How long have you been doing triathlon?

General reply to some of the discussion here.

Testing on my TT bike is an excellent idea! I may very well have been overbiking when looked at from that perspective. I’m also an avid MTBer so having a road bike on the trainer is an acceptable compromise for my needs. I’ve spent a winter with the TT bike on the trainer and have no interest in repeating that experience. Train as you race, yes. I’m also not winning these things outright. I’ve always felt that is icing the cake and I’m still in the process of baking. I ride it once a week to stay in touch with the position.

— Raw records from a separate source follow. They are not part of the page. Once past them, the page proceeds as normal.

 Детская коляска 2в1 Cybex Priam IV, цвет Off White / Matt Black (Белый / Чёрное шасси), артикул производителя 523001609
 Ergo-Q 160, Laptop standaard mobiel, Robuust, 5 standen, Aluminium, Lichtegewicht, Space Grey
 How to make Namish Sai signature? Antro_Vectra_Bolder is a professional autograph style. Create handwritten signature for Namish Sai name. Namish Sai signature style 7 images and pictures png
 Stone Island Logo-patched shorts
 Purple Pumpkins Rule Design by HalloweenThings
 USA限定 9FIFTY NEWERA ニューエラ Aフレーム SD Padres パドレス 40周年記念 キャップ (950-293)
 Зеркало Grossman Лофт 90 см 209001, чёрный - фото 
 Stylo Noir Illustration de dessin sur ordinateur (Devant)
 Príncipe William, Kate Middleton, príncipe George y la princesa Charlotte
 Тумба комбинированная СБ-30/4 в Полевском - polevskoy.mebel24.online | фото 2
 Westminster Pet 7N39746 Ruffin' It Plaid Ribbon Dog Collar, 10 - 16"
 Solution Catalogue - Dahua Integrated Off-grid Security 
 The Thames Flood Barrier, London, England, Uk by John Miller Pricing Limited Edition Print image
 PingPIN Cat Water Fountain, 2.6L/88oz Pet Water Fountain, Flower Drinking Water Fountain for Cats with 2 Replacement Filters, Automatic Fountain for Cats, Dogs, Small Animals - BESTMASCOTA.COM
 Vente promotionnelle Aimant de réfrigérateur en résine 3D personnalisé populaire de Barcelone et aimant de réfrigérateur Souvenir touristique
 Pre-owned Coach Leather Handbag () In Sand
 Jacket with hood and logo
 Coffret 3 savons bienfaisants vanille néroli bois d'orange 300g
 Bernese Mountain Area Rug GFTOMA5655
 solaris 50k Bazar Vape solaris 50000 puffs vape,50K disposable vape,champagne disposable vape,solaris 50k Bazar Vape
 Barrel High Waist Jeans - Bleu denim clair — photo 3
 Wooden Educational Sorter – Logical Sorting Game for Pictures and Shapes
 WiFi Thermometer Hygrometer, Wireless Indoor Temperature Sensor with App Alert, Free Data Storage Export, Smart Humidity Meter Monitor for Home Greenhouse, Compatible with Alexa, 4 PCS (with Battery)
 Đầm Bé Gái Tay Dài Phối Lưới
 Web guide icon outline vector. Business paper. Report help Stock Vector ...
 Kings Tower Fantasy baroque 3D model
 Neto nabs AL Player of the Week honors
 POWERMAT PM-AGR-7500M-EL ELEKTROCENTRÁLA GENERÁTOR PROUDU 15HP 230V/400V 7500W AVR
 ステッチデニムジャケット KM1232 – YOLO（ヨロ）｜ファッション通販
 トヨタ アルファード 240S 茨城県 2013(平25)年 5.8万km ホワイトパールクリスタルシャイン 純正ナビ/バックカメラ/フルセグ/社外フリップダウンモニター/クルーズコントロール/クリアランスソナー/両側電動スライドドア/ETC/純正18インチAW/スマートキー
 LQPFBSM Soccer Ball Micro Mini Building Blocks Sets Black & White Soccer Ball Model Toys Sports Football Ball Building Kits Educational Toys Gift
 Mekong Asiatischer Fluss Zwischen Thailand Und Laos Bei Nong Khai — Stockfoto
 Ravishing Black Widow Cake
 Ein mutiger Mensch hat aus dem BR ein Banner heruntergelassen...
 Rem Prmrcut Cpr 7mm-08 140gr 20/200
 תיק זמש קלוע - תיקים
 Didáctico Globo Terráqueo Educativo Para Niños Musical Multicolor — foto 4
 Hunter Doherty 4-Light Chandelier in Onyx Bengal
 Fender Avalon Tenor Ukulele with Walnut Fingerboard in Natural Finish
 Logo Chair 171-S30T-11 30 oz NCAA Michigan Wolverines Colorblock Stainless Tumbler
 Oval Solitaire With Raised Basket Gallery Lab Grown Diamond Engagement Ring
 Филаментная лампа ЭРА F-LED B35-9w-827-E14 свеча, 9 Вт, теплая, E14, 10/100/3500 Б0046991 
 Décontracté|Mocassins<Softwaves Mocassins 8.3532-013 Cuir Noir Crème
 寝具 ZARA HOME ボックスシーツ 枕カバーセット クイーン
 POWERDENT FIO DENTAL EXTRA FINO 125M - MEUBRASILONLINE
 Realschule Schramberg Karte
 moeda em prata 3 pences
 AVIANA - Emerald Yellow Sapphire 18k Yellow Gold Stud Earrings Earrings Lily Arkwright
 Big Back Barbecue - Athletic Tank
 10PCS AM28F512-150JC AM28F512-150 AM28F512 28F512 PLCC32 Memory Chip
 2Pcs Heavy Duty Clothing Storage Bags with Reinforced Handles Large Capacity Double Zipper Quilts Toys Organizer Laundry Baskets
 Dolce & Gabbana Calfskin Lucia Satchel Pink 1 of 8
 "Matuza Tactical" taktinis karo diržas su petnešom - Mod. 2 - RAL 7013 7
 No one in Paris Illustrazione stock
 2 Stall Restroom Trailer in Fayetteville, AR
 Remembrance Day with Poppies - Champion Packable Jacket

I’ve been doing triathlon for 6 years. I’m a short course guy for sure. No IM aspirations at all. I’m ok with suffering on the run. In fact, I was ready to suffer even more in the closing stage, my muscles just couldn’t handle any more speed.

I think I’ve landed on 2 immediate courses:

  1. Test on my TT bike so I know what ~90% really is.
  2. Swap a few speed interval sessions for hill repeats.

I haven’t seen a plateau in my power or running speed but I know one is imminent. Once I find that next plateau I’ll contemplate training on my TT bike full time.

They did. Your last two miles were the fastest pace you ran that day.

You might have been mentally ready to suffer through a couple of 4 minute miles to finish but given that is unlikely you still went slightly faster in the closing stages than the early part of the run. That’s good racing and something to be pleased with.